Taibbi's Bubble Machine
A few days ago I described Matt Taibbi's recent Rolling Stone piece about Goldman Sachs as "terrible." And it was! He made one outrageous assertion after another without bothering to back any of them up. He flitted from idea to idea without developing any of them. The whole piece was disjointed and embarrassing.
Except — it turns out there was a reason for that: the morons at Rolling Stone hadn't actually posted Taibbi's article. They had only posted a short series of excerpts. I would have known that if I'd read the introductory material very carefully, but who the hell does that? I didn't. I just read what they posted, came away shaking my head, and panned it.
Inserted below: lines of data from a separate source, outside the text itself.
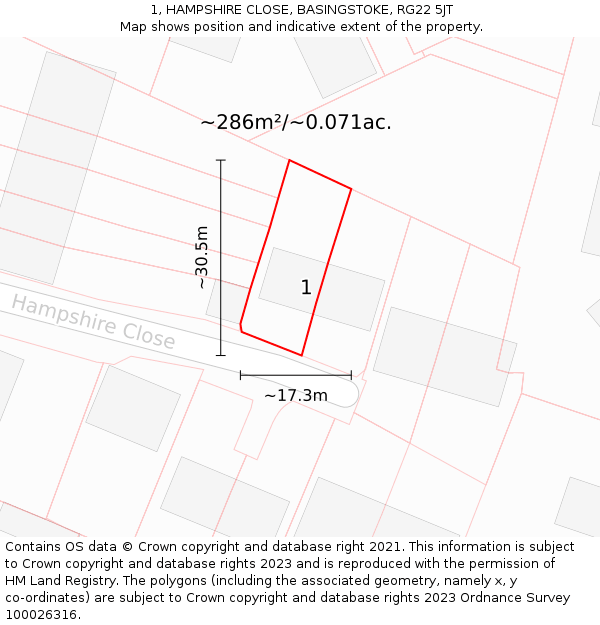 1, HAMPSHIRE CLOSE, BASINGSTOKE, RG22 5JT: Plot and title map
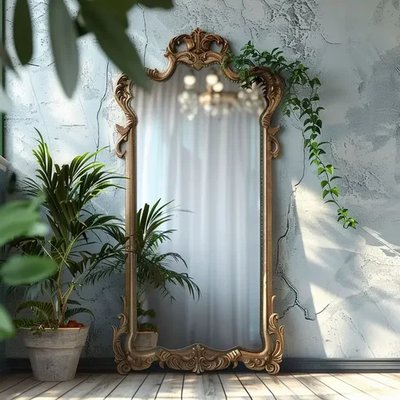 Grand miroir ancien doré avec cadre orné, entouré de plantes vertes dans une pièce lumineuse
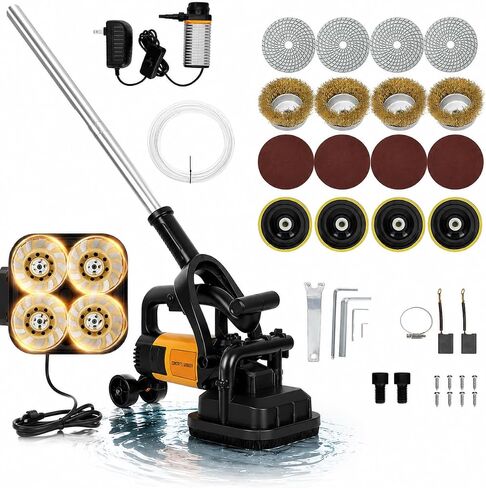 4-Head Concrete Surface Grinder with Handle & Auxiliary Wheels，3800W Concrete Grinder Machine with 6-Speed Control & Dust Collection Cover, Floor Grinder for Grinding Concrete Deck Marble Granite in Kuwait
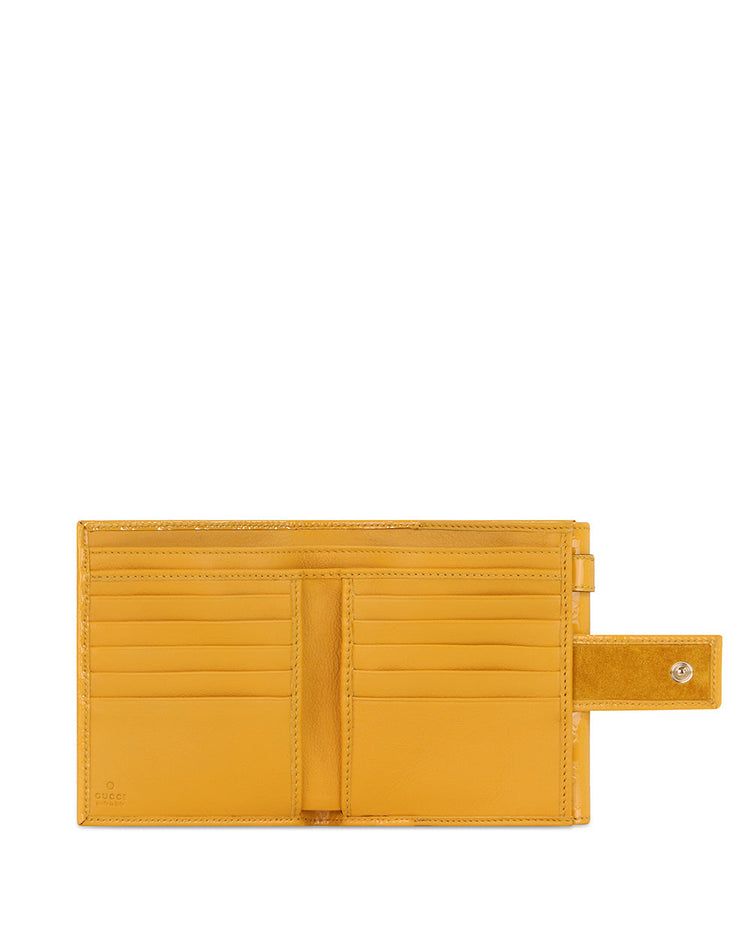 Double G Patent Leather Short Fold Wallet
Well, I've now the read the entire piece, and I apologize. (To Taibbi, that is, not the morons at Rolling Stone, who should have either posted the whole thing or done nothing at all.) It's a very good takedown of the modern financial industry and well worth reading. There are some bits here and there that I'm not sure Taibbi gets quite right, and I do think that he made a mistake in casting Goldman Sachs as the "engineer" of every bubble in the past century rather than merely an unusually big and enthusiastic member of a predatory gang that's been ripping us off for a long time. This gives the piece a conspiratorial air that allows Goldman to laugh it off instead of being forced to engage with it, and that's too bad. They — and everyone else on Wall Street — should be forced to engage with it.
Beyond that, there are undoubtedly some mistakes in the piece, as well as places where Taibbi goes unnecessarily over the top. I'm still not sold on carbon permits being the next big bubble, for example. But those are quibbles. Overall it's a striking portait of an industry — not just a single company — of almost unbounded greed and recklessness. Worth reading.